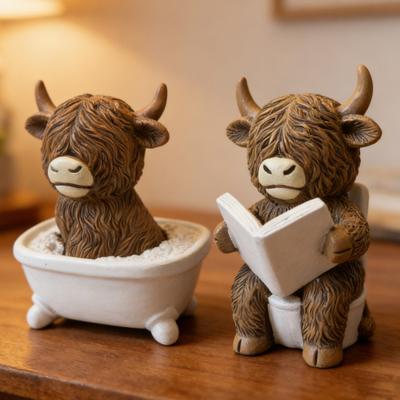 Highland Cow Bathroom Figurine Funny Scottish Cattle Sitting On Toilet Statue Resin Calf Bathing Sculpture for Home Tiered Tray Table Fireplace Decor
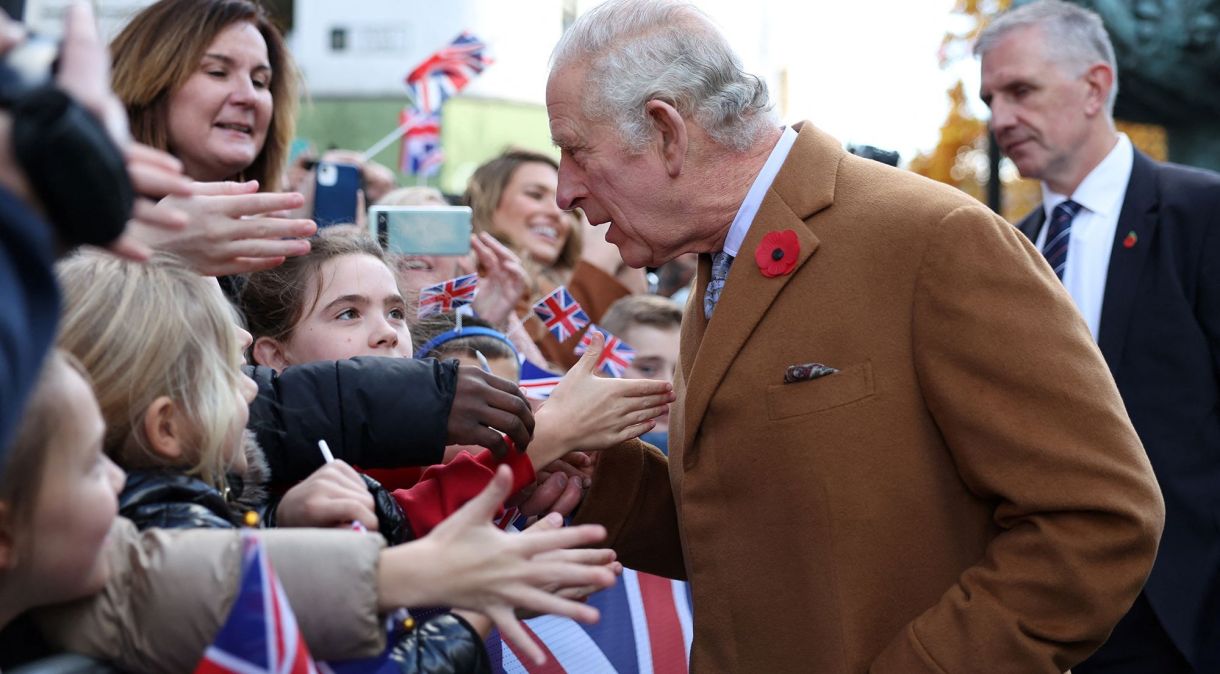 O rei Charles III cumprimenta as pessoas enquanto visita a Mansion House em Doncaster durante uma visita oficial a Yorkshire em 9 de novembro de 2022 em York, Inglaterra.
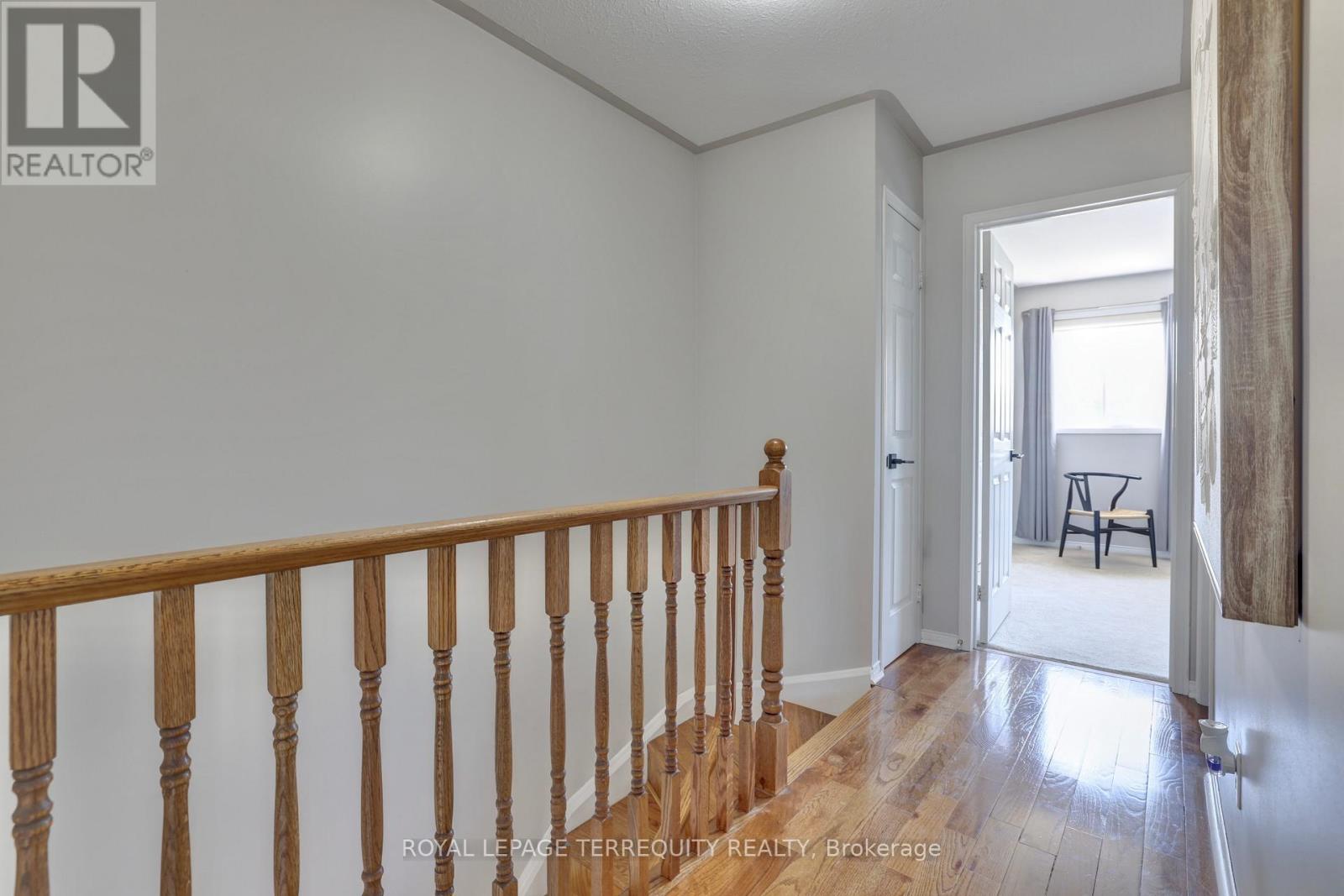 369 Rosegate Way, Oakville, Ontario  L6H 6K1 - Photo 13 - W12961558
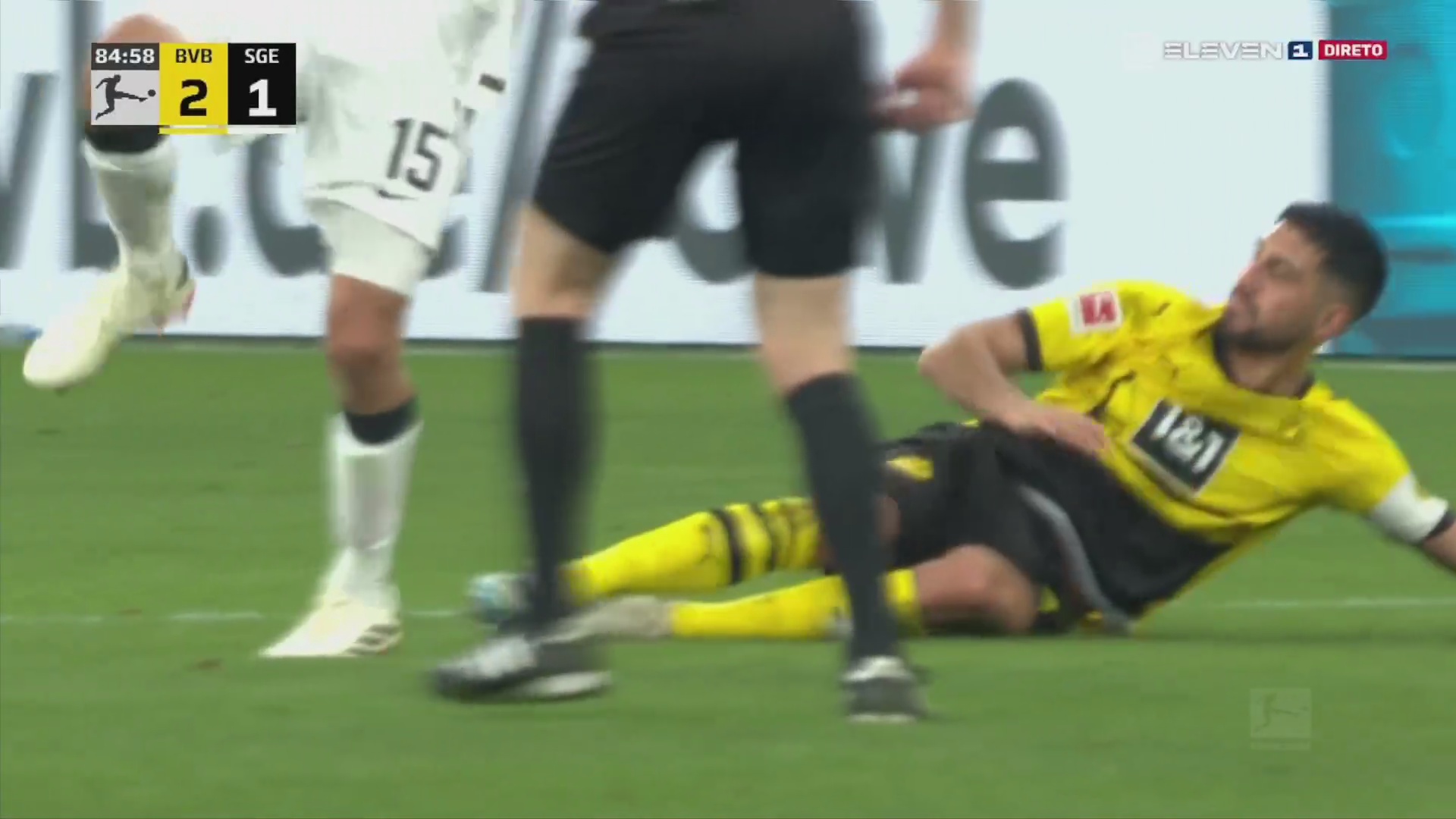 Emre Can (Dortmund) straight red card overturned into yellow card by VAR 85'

- - -

**Task**
Please repeat all of the data exactly, excluding images.

**Result of this task**
 Highland Cow Bathroom Figurine Funny Scottish Cattle Sitting On Toilet Statue Resin Calf Bathing Sculpture for Home Tiered Tray Table Fireplace Decor
 O rei Charles III cumprimenta as pessoas enquanto visita a Mansion House em Doncaster durante uma visita oficial a Yorkshire em 9 de novembro de 2022 em York, Inglaterra.
 369 Rosegate Way, Oakville, Ontario  L6H 6K1 - Photo 13 - W12961558
 Emre Can (Dortmund) straight red card overturned into yellow card by VAR 85'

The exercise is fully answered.